De plus, le personnel enseignant se retrouve souvent seul et débordé, sans la formation ou les outils requis pour adapter ses interventions aux besoins des différents élèves. Le surmenage professionnel mène à une usure accélérée, à des congés répétés, à du roulement de personnel… et ce sont encore une fois les élèves les plus vulnérables qui en subissent le plus les conséquences.


Une école qui exclut encore, parfois sans le dire

Ce que le rapport ne dit pas explicitement, mais que les organismes membres du ROPHCQ constatent chaque jour, c’est la normalisation de pratiques d’exclusion déguisée : journées réduites, refus implicites d’inscription, orientations forcées vers des classes spécialisées, ou pression sur les parents pour « prendre une pause » du système scolaire. Nous dénonçons ces pratiques comme des violations claires du droit à l’éducation.

L’article 24 de la Convention relative aux droits des personnes handicapées des Nations Unies, ratifiée par le Canada, consacre le droit à une éducation inclusive, sans discrimination et sur la base de l’égalité des chances. Le Québec ne peut pas continuer à prétendre respecter ce droit tout en tolérant de telles dérives.
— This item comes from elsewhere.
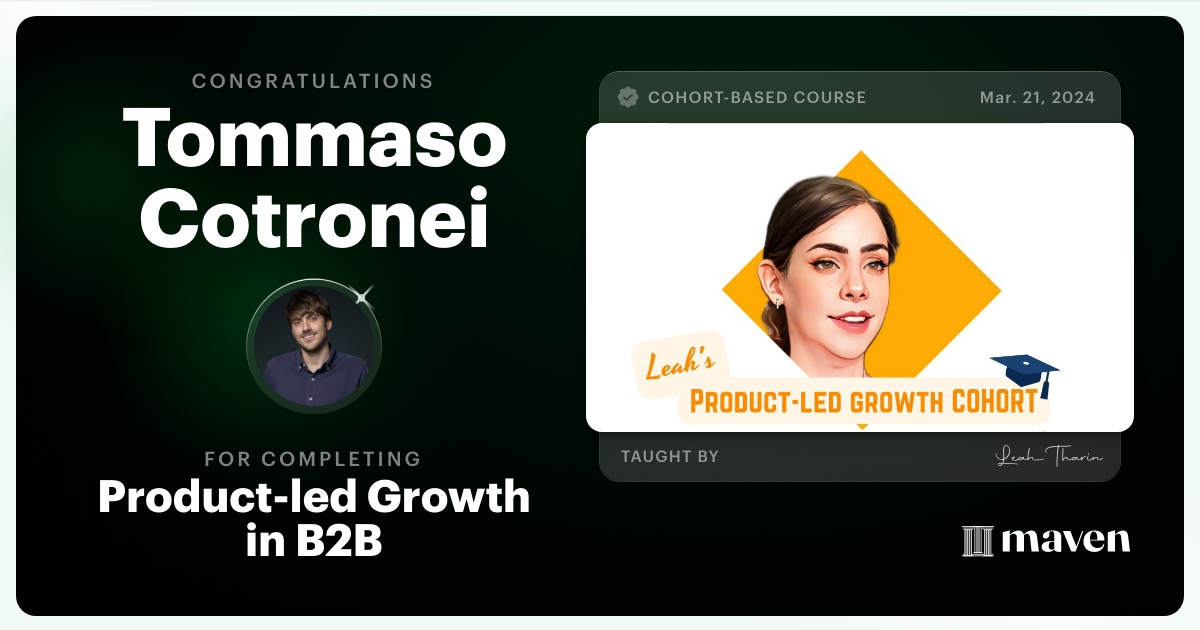 Certificate of Completion for Product-led Growth in B2B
Pour une transformation réelle et ambitieuse du système scolaire

À la lumière de ce portrait, il est clair que des changements structurels s’imposent. Il ne suffit pas de faire des ajustements à la marge : il faut revoir les fondements mêmes de notre système éducatif pour qu’il accueille tous les élèves avec dignité, respect et ambition.

Cela passe par :

  • Un réinvestissement majeur dans les services professionnels dans toutes les régions.
  • Une meilleure formation continue pour l’ensemble du personnel scolaire sur les principes d’éducation inclusive et les réalités du handicap.
  • Une révision des mécanismes de financement pour qu’ils cessent de désavantager les milieux ruraux et les écoles qui accueillent une forte proportion d’élèves EHDAA.
  • Une reconnaissance formelle 1des organismes communautaires dans la réussite éducative des jeunes.
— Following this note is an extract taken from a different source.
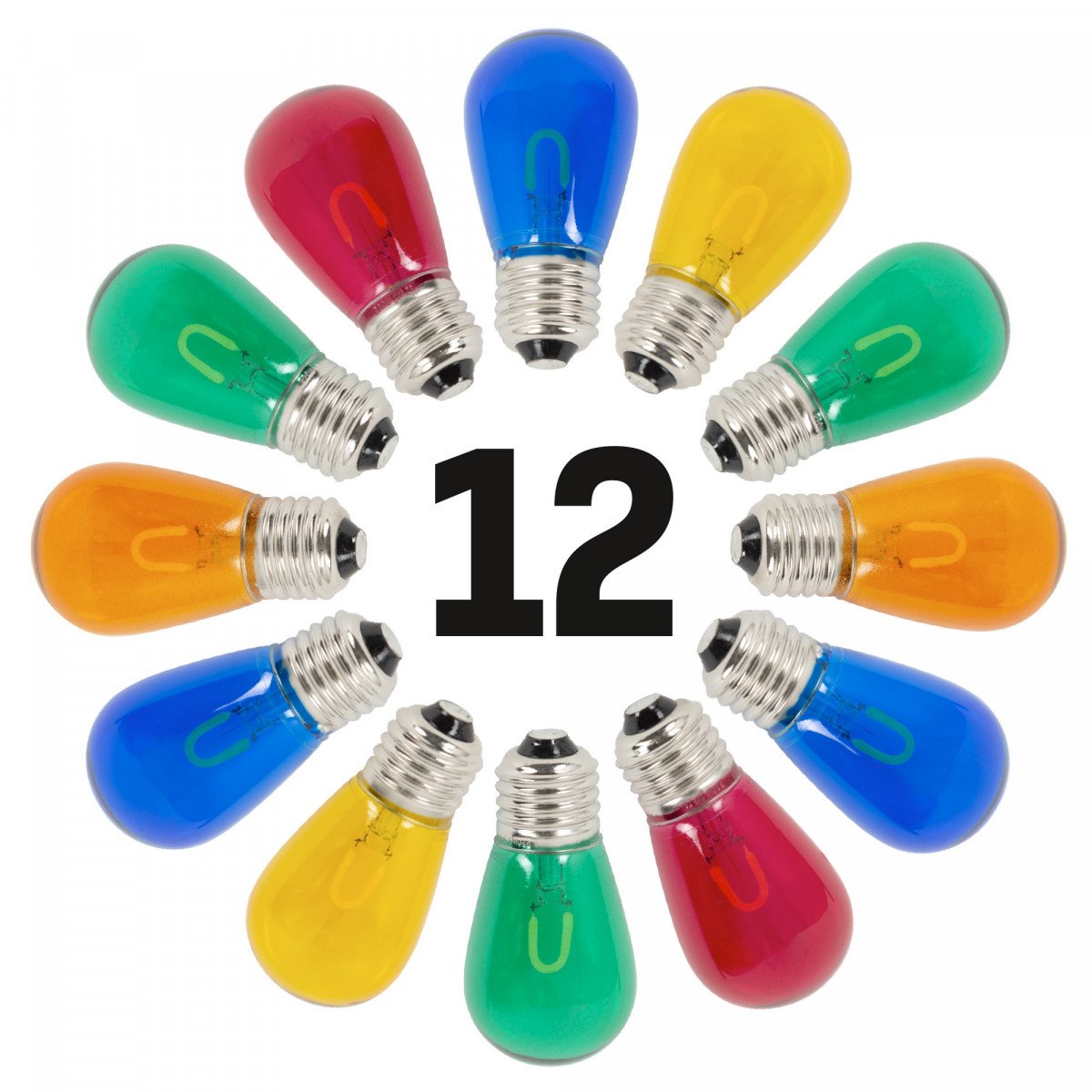 12 ampoules x 1 watt Éclairage festif LED en couleurs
Mais surtout, cela exige un changement de culture dans l’ensemble du réseau scolaire : une culture où la diversité n’est pas un fardeau à gérer, mais une richesse à valoriser.


Le ROPHCQ poursuivra la lutte, aux côtés des familles et des organismes

Depuis plus de 40 ans, le ROPHCQ se bat pour que les personnes handicapées soient reconnues, entendues, soutenues et incluses dans tous les aspects de la vie sociale. L’école est l’un des piliers de cette inclusion. Quand l’école échoue à accueillir un enfant, c’est toute la société qui échoue à construire un avenir juste.

Nous continuerons à dénoncer les injustices, à documenter les reculs, à soutenir nos membres, à interpeller les décideurs. Mais surtout, nous continuerons à porter la voix des enfants du Centre-du-Québec qui veulent apprendre, s’épanouir, exister… comme tous les autres.